Electrophoretic deposition of chitosan–bioglass®–hydroxyapatite–halloysite nanotube composite coating

Abstract

The composite coatings of chitosan (CS)–bioglass® (BG)–hydroxyapatite (HA)–halloysite nanotube (HNT) were investigated and produced via electrophoretic deposition (EPD) technique. The utilization of CS as a dispersing, blending and charging agent for ceramic particles, including BG, HA and HNT, allowed the formation of CS–BG/HA/HNT composite, functionally graded composite (FGC) and bilayer film containing different layers. The results of scanning electron microscopy (SEM), energy-dispersive spectrometry (EDS), X-ray diffraction (XRD) and Fourier transform infrared spectroscopy (FTIR) illustrate the composite in the form of the optimum distribution of ceramic components in the CS matrix with thickness of 28 µm on titanium (Ti) substrate.
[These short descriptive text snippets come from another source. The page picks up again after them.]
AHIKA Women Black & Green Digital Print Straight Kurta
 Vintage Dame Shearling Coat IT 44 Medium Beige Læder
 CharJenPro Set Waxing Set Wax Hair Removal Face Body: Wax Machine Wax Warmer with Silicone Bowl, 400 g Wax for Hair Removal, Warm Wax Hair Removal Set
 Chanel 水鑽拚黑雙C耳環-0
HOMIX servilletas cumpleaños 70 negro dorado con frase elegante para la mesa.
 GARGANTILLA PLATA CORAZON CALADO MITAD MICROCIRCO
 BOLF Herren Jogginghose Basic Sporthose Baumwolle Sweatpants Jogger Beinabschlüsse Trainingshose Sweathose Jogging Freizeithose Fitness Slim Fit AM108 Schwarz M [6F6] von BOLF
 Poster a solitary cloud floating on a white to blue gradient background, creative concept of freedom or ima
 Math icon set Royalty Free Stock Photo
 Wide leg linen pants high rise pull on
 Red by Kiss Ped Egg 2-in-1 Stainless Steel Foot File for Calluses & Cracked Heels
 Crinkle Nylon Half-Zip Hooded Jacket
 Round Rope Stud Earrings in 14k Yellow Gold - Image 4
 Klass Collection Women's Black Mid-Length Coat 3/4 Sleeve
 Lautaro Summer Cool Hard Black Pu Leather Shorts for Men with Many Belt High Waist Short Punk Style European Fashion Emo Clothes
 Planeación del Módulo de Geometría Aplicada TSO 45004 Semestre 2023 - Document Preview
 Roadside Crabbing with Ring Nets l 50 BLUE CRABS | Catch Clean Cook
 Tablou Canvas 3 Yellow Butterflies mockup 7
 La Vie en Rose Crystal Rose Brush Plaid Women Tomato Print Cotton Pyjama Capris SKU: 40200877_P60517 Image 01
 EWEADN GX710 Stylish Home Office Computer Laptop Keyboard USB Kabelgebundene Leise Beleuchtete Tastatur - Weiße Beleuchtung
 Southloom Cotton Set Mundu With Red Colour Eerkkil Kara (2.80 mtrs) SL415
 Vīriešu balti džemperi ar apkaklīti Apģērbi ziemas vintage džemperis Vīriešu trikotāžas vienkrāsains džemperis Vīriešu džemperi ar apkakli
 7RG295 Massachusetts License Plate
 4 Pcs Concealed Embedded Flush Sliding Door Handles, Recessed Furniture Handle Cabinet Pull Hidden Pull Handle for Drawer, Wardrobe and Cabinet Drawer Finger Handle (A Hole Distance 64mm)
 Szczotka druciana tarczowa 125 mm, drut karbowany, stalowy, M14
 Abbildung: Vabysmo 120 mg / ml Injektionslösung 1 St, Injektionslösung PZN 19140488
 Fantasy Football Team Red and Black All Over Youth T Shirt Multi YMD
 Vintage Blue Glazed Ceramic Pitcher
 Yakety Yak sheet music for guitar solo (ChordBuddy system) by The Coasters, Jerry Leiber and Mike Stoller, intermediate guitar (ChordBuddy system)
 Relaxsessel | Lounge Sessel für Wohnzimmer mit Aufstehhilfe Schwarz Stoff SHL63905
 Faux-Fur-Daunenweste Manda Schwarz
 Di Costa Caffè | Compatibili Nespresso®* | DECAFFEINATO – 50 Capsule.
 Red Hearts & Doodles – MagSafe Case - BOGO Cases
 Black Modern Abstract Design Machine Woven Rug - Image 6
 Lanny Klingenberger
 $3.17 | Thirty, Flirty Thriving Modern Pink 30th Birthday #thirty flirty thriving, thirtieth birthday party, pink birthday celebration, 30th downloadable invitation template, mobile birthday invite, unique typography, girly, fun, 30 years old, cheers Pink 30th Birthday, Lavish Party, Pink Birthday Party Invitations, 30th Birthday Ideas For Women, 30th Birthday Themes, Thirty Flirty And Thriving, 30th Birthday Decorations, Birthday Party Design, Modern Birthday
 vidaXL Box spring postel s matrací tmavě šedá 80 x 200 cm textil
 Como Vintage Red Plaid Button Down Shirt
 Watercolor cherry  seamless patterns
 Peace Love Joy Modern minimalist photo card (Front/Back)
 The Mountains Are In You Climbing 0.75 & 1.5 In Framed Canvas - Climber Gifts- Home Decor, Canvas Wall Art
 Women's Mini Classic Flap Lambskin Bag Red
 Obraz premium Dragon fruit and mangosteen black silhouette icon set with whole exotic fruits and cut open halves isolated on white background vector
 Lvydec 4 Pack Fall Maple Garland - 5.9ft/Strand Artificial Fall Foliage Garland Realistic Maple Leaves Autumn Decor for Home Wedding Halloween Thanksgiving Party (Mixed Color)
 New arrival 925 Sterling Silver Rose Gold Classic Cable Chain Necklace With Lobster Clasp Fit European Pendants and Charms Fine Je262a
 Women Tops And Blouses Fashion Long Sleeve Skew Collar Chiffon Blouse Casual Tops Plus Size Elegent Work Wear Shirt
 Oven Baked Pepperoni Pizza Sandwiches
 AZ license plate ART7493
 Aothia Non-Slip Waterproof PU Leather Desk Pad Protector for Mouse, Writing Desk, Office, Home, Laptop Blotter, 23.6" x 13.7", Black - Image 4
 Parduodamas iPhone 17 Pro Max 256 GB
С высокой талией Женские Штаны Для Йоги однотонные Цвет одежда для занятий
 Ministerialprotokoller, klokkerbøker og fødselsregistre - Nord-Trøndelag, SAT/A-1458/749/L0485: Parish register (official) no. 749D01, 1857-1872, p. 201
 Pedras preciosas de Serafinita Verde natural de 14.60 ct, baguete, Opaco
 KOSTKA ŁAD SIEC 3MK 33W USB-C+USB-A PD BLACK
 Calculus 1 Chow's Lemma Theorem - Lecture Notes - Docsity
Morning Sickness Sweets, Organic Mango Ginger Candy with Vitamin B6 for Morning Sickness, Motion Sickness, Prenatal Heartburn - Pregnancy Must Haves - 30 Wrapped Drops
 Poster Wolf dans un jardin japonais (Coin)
Electrochemical impedance spectroscopy (EIS) and potentiodynamic polarization tests indicate that the corrosion resistance of the coated sample increases in corrected simulated body fluid (C-SBF) at 37 °C. Finally, the apatite-inducing ability of CS–BG–HA–HNT is proved by the formation of carbonated hydroxyapatite particles on composite coating in C-SBF.